No Man's Land (2001)

The film ends with the line, "A trench is a trench. They are all the same." Of course they most certainly are not all the same, especially this trench, and that is the irony. Bosnia won the Foreign Language Oscar in 2002 for their wonderfully absurd yet deeply saddening presentation of the war between Bosnia and Herzegovina at the height of the conflict in 1993. It is both brutal and harsh, while being very funny in the blackest of ways, making it an incredibly effective addition to the war film category.

When I began watching the movie I was not sure who I was to be rooting for, but it turned out to be a film in which the characters were soldiers, yes, but they were people first, people pitted against one another, but never really sure what it was that they were fighting about.
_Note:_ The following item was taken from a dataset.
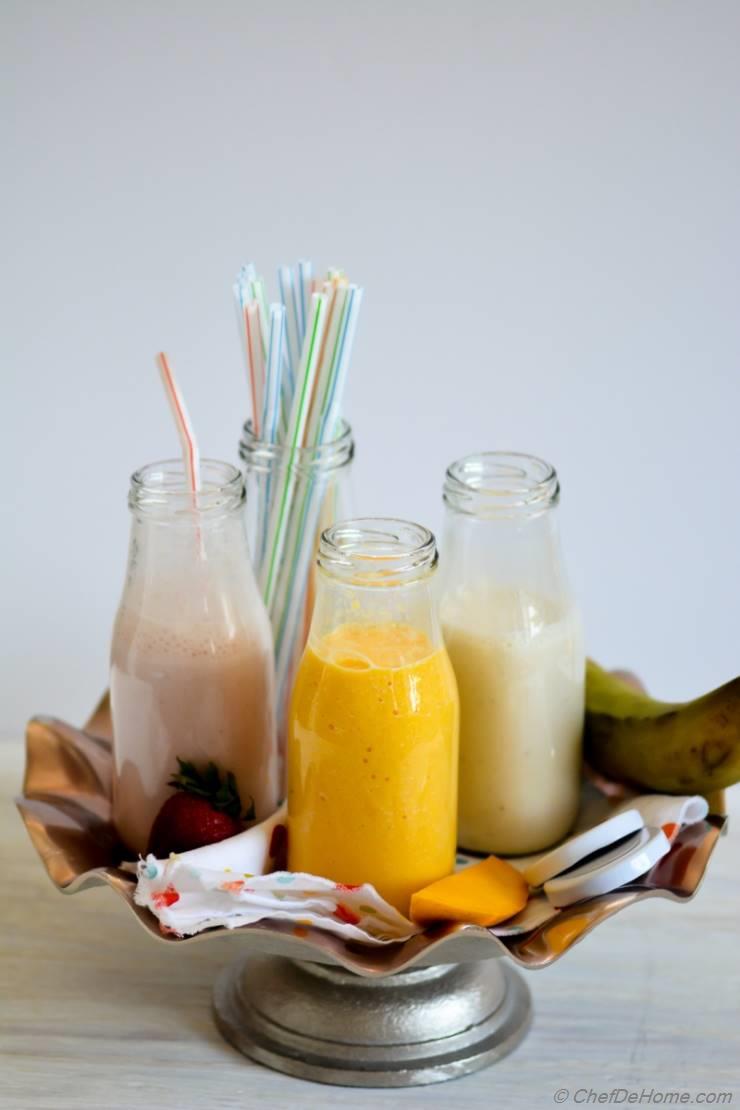 Mango Strawberry Banana - Milk Shake Party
In our trench a Bosnian, Ciki, and a Serb, Nino, become trapped with each other between the enemies' lines. A third companion, originally though to be dead but just unconscious, awakens to find himself lying atop an active mine. Although everybody wants to leave they are forced to remain in the trench with the active mine as their enemy is insurance that none of them will get killed by opposing forces if they try to leave.

The situation becomes a worldwide spectacle as the UN and a global news station become involved. The situation turns to creating a ceasefire and trying to find a way to diffuse the mine while maintaining good rapport for the relief efforts. While things are going on on a large scale outside of the trench, in No Man's Land Ciki and Nino try to find a way to tolerate one another and keep the peace though both of them are understandably on edge. The film does a beautiful job of humanizing both characters, not choosing sides, and really trying to show the plight of the two factions. The situation is dire; they are five feet away from someone that has been conditioned to kill them, and yet they need to use each other as a life support system. It is a tricky problem that is more emotionally charged than I would have originally thought at first.

The three men in the trench give some terrific performances as the men who fight, but are so frustrated when they come to realize that it might all be for naught. Watching the movie you see clear flashes of anger and resentment from the film maker as they jab their larger message at the audience: wars are started by politicians, not by people. These men had lives, they had loved ones, they were young and too busy to care enough about the other side, or to hate enough to go to war. There were definite hints that the film makers believed the war was fostered by high up men in suits, and that makes watching these poor men in the trenches all the more disheartening.

I mentioned that this film had an absurdist streak to it, and that also revealed itself in the big picture. There was a definite humor to this film, but it was one that made me smile, and then made me slightly depressed. The leader of the group set out to help the men was Capt. Marchand, a Frenchman desperately trying to get things moving despite orders from upstairs to remain stationary. He tries so hard to get the ball rolling, but he can never find anyone who speaks French. Nobody that he meets speaks the same language, and it becomes this ongoing joke that is at once humorous as well as frustrating, as it speaks largely to the greater efforts that happened (or didn't happen, perhaps) in the case of the Bosnian War. Everyone was impotent in their actions, and that stagnation recreated the conflict between Slovenia and Croatia, so they say.

This is an interesting movie to me because right off the bat you know exactly how the movie will end. Well, maybe not exactly, but there are a list of possible outcomes that the film can take based on the situation presented: the mine explodes, the mine is defused; everyone dies, everyone lives. Then it is simply a matter of choosing the correct combination. Even knowing this the film was absorbing. There were some incredibly well done scenes, particularly those within the trench, a great script, and powerful messages. It was not gratuitously violent, but the wounds suffered were impactful--as they should be. I may not know immediately where Bosnia is on a map of Europe, but I know those men, and that is enough for me.